AUTOMATISMI DI SISTEMA Ma quell’appalto conteso – aveva evidenziato Lombardo in sede di requisitoria – è anche una vicenda paradigmatica degli “automatismi” previsti dal sistema che regola i rapporti fra le ‘ndrine, come pure del particolare momento storico vissuto all’epoca dai clan cittadini. I “diritti” dei Barbieri su quel lavoro diventeranno infatti oggetto di contenzioso anche fra i clan reggini dei Tegano e De Stefano, da sempre federati e a pieno titolo parte del direttorio della ‘ndrangheta reggina, ma in quel 2008 sempre più divisi. Indizi precisi su un sistema criminale in grado di convertirsi in sistema finanziario privato in grado di porsi come interlocutore affidabile e necessario per una platea di imprenditori che non hanno o non hanno più accesso al credito.
LA BANCA DELLE ‘NDRINE Quella gestita dai clan Condello e Pesce-Bellocco di Rosarno, tramite personaggi come Gianluca Favara e Pasquale Rappoccio era una vera e propria banca parallela, in grado di costringere quattro imprenditori – due calabresi e due lombardi – ad attraversare le forche caudine del credito fornito dai clan». E non solo per gli interessi maturati sul prestito, che – hanno scoperto gli investigatori – toccavano punte anche del 20%. Per il clan l’obiettivo principale era appropriarsi delle imprese. È quello che è successo con la Makeall dell’imprenditore Agostino Augusto, titolare anche di cinque case di cura, già finito al centro dell’operazione “Mentore” della Dda milanese. Tentato dal prestito dei clan, trascinato fino in Calabria, terrorizzato e minacciato, Augusto nel giro di pochi mesi si trasforma da rampante imprenditore in impaurita marionetta nelle mani di Favara e dei suoi sgherri che sul suo impero puntano a mettere le mani proprio tramite Pasquale Rappoccio.
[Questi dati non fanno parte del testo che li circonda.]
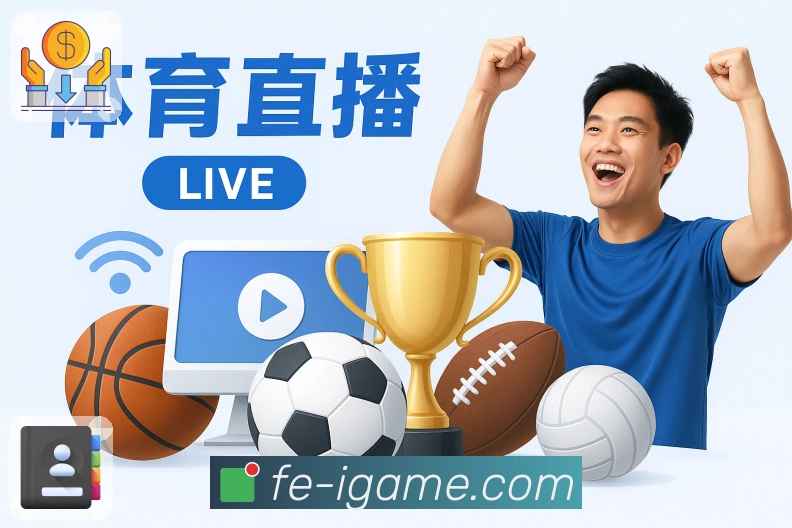 爱游戏 客户端图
IMPRESE IN MANO AL CLAN Presentato all’imprenditore milanese in difficoltà come un «amico competente per materia», in grado di fornire in fretta le attrezzature mediche necessarie all’allestimento di tre case di cura, l’ex rappresentante della Medinex era stato chiamato in realtà a rilevare a prezzi stracciati l’ormai zoppicante Makeall spa. Una manovra a tenaglia che avrebbe visto da una parte Favara mettere spalle al muro con pressioni fisiche e verbali l’ingegnere milanese – Augusto finirà due volte in ospedale – dall’altra, Rappoccio chiamato a presentarsi come unico interlocutore finanziario disponibile. Una strategia che seguiva un «copione – affermano gli inquirenti milanesi – oramai consolidato nel modus operandi della ‘ndrangheta calabrese», in grado di penetrare l’economia e la società lombarda affondando come un coltello nel burro. Circostanze che per il pm vanno valutate al di là della singola contestazione, ma in base alla funzionalità che esse mostrano di avere per il sistema che le genera.